What needs to be done | Write out, word for word, every line in the data below from the one containing "<h4>DI ST BIG ONE</h4>" to the one containing "11 acres in Bell County - photo 4", both of them included.

Data shown |
[Start of section]

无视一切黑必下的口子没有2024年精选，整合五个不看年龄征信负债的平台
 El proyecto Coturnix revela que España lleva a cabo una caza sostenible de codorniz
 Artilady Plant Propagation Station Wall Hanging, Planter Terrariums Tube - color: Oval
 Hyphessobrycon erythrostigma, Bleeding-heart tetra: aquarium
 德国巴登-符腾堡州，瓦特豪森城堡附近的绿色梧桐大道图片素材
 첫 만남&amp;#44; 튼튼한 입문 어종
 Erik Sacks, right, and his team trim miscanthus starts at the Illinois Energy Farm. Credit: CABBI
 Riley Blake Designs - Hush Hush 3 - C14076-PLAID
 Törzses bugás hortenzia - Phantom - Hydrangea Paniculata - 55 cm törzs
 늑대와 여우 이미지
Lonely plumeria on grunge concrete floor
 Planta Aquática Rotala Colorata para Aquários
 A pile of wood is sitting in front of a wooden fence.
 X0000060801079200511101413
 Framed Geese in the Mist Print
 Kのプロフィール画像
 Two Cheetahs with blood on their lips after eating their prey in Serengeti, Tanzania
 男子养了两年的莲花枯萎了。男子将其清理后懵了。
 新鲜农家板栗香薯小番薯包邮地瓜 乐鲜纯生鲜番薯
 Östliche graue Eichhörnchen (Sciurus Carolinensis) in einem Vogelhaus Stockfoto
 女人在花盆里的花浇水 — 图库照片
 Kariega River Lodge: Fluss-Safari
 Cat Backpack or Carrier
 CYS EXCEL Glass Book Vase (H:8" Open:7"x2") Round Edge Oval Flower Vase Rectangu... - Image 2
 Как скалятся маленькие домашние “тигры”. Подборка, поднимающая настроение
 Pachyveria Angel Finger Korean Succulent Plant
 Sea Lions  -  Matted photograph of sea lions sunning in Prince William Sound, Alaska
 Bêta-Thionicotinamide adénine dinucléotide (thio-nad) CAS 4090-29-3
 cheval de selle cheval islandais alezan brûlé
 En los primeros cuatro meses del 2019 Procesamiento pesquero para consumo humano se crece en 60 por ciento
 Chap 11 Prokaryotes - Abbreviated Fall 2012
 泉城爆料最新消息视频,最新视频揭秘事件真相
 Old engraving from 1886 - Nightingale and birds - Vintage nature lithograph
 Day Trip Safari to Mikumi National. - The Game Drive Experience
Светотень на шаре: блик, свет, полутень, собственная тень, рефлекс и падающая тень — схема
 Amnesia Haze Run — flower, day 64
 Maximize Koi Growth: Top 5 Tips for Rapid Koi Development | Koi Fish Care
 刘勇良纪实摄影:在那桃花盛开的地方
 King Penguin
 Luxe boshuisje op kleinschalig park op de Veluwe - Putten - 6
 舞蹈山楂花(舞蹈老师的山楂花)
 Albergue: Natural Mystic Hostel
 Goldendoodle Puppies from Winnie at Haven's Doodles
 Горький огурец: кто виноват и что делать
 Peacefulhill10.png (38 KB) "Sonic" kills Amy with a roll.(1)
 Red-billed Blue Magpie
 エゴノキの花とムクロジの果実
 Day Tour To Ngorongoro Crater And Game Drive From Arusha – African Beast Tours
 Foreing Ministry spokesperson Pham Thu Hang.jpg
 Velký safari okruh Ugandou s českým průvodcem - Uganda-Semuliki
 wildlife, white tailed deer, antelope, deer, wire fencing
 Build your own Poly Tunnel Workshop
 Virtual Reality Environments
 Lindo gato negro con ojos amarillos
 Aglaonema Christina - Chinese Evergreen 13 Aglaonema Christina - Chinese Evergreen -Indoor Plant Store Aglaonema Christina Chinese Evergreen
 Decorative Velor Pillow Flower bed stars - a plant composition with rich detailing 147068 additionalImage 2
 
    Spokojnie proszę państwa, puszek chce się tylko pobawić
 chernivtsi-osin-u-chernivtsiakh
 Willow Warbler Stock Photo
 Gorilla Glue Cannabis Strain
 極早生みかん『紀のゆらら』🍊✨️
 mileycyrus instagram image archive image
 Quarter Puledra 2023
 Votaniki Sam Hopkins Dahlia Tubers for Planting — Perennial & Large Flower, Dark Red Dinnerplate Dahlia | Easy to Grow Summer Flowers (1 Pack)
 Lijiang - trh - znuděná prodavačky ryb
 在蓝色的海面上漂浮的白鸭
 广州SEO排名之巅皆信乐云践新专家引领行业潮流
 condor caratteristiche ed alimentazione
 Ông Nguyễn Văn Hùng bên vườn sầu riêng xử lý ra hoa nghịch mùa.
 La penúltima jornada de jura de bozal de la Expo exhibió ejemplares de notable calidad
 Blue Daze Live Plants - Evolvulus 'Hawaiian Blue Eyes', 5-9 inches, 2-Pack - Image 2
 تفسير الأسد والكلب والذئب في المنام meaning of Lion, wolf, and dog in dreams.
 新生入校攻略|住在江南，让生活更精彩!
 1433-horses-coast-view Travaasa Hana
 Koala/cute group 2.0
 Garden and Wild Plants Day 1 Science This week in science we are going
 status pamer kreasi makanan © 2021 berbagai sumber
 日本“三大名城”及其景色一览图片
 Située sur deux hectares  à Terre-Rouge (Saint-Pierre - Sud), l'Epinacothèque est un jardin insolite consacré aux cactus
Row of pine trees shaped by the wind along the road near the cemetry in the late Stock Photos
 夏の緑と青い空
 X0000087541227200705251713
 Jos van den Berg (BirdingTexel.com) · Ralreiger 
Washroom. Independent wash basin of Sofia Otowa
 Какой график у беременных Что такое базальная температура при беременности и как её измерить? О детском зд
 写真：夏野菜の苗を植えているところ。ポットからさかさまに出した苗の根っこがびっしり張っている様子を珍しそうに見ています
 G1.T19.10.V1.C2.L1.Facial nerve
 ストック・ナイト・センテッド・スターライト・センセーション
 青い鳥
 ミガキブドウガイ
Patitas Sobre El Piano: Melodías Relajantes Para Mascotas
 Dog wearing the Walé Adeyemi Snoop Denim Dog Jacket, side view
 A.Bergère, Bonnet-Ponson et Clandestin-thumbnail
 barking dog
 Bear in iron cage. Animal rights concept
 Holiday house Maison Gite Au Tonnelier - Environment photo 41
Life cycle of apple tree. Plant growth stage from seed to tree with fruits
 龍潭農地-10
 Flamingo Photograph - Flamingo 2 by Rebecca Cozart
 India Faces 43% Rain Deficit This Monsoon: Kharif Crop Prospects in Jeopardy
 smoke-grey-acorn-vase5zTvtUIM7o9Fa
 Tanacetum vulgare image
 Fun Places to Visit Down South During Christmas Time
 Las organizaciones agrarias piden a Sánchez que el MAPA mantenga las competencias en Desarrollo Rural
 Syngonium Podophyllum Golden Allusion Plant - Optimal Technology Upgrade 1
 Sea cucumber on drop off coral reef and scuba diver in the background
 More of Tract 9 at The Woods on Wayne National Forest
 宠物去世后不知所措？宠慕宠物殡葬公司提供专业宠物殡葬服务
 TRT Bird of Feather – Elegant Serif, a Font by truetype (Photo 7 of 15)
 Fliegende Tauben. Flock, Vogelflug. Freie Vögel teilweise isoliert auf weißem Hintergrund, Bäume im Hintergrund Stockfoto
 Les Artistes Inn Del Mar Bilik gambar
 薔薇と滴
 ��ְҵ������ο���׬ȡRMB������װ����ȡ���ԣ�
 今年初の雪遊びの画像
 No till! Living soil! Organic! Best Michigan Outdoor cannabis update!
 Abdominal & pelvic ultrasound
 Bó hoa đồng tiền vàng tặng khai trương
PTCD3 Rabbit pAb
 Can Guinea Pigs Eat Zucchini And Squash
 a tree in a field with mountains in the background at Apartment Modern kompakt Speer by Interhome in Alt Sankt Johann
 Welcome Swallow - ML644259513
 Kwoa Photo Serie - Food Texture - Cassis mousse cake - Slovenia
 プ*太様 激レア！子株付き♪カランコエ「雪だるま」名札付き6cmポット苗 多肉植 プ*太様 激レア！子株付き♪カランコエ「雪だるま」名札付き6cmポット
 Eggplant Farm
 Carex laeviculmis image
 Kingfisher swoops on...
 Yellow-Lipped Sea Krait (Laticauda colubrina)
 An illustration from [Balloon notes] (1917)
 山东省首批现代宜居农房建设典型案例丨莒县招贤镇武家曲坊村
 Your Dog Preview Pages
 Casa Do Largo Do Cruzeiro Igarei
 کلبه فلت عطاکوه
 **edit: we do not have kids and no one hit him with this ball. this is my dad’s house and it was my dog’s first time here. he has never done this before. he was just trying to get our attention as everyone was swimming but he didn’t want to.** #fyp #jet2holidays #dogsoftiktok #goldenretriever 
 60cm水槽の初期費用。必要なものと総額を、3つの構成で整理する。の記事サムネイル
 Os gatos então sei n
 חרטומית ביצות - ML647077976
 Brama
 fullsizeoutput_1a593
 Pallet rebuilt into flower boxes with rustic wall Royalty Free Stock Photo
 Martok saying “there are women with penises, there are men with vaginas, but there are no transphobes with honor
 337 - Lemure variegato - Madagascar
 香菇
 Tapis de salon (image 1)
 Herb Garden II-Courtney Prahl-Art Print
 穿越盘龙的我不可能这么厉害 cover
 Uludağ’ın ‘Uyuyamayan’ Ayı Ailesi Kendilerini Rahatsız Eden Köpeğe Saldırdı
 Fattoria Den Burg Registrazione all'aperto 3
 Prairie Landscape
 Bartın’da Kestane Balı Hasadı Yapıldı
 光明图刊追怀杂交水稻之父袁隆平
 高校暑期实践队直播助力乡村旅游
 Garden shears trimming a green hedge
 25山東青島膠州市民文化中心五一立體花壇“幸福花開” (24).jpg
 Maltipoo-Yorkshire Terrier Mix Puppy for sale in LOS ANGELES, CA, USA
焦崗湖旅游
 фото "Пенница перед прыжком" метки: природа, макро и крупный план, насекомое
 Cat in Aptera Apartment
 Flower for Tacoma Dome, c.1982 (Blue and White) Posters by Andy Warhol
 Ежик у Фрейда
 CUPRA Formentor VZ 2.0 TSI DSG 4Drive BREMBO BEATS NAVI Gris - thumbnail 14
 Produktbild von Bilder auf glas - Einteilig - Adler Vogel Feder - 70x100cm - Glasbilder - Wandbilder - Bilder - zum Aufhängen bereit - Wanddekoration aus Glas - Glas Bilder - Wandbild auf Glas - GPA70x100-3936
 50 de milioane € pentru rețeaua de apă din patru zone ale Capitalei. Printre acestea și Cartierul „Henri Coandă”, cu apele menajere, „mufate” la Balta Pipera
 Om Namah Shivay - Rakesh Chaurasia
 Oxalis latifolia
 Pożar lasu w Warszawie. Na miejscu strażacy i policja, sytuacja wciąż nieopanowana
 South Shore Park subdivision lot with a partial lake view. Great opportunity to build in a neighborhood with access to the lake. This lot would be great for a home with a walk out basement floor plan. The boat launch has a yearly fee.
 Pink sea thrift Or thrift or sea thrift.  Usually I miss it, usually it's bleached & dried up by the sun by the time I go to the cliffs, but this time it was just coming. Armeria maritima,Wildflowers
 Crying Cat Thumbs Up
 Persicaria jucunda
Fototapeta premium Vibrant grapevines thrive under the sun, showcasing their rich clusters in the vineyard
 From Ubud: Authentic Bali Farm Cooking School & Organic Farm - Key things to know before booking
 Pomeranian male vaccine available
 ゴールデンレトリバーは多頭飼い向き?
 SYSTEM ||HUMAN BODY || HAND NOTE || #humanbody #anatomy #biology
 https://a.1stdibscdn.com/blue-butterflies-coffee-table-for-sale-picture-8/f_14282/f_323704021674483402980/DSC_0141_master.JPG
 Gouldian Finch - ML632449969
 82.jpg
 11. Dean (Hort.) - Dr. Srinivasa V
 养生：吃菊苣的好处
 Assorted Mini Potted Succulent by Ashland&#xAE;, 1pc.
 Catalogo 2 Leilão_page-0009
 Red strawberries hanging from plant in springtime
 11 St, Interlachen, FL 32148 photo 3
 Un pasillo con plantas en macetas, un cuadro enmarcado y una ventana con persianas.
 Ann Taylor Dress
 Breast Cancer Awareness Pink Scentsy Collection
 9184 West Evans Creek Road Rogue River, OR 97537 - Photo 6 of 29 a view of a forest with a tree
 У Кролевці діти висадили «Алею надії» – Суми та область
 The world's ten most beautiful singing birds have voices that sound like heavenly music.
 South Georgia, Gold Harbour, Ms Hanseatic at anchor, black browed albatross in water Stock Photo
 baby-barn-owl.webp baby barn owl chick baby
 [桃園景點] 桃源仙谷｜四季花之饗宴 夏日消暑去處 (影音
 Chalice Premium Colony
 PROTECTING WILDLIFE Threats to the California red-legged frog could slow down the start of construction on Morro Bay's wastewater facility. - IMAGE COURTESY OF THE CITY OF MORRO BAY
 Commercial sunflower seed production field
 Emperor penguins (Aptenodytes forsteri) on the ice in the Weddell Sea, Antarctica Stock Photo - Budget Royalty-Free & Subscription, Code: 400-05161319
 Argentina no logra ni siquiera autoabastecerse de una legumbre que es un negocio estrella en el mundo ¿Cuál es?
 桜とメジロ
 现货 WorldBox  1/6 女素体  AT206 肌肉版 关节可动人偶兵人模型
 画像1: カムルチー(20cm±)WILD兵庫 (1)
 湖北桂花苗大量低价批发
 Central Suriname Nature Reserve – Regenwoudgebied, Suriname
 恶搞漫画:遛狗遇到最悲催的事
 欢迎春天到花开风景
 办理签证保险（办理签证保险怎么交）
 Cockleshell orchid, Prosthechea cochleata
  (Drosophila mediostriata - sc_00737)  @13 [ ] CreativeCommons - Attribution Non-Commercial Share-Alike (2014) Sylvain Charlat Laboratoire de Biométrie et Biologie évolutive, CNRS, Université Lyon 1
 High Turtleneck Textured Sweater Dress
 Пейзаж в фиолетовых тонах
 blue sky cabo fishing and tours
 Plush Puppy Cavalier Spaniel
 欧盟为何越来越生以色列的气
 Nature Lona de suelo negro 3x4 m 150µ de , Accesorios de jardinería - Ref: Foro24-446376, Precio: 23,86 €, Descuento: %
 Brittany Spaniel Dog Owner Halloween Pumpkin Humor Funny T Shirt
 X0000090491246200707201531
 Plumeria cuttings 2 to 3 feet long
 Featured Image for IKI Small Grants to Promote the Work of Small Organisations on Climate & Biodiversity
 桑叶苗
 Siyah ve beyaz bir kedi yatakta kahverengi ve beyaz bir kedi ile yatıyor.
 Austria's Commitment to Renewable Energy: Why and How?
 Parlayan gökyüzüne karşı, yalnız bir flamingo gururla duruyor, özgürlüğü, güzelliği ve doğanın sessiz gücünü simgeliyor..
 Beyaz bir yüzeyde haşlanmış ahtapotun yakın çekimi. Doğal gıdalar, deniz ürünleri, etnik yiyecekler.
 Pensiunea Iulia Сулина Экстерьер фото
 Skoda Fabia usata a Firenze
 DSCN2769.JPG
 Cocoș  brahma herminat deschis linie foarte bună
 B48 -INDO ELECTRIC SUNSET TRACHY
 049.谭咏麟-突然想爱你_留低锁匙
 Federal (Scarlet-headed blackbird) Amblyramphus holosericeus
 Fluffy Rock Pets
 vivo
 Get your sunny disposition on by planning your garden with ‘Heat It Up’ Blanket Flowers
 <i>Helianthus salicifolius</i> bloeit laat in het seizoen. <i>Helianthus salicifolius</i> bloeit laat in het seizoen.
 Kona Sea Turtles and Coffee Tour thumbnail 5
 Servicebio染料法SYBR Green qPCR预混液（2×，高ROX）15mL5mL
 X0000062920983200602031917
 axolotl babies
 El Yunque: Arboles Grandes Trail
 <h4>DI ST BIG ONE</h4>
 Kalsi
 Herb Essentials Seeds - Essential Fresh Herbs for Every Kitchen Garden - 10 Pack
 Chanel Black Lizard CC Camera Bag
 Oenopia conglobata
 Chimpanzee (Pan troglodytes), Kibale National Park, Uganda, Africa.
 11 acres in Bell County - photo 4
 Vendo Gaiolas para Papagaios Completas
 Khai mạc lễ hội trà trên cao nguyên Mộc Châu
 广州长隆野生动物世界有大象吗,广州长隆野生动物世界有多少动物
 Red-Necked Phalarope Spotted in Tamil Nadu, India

[End of section]

Result |
 <h4>DI ST BIG ONE</h4>
 Kalsi
 Herb Essentials Seeds - Essential Fresh Herbs for Every Kitchen Garden - 10 Pack
 Chanel Black Lizard CC Camera Bag
 Oenopia conglobata
 Chimpanzee (Pan troglodytes), Kibale National Park, Uganda, Africa.
 11 acres in Bell County - photo 4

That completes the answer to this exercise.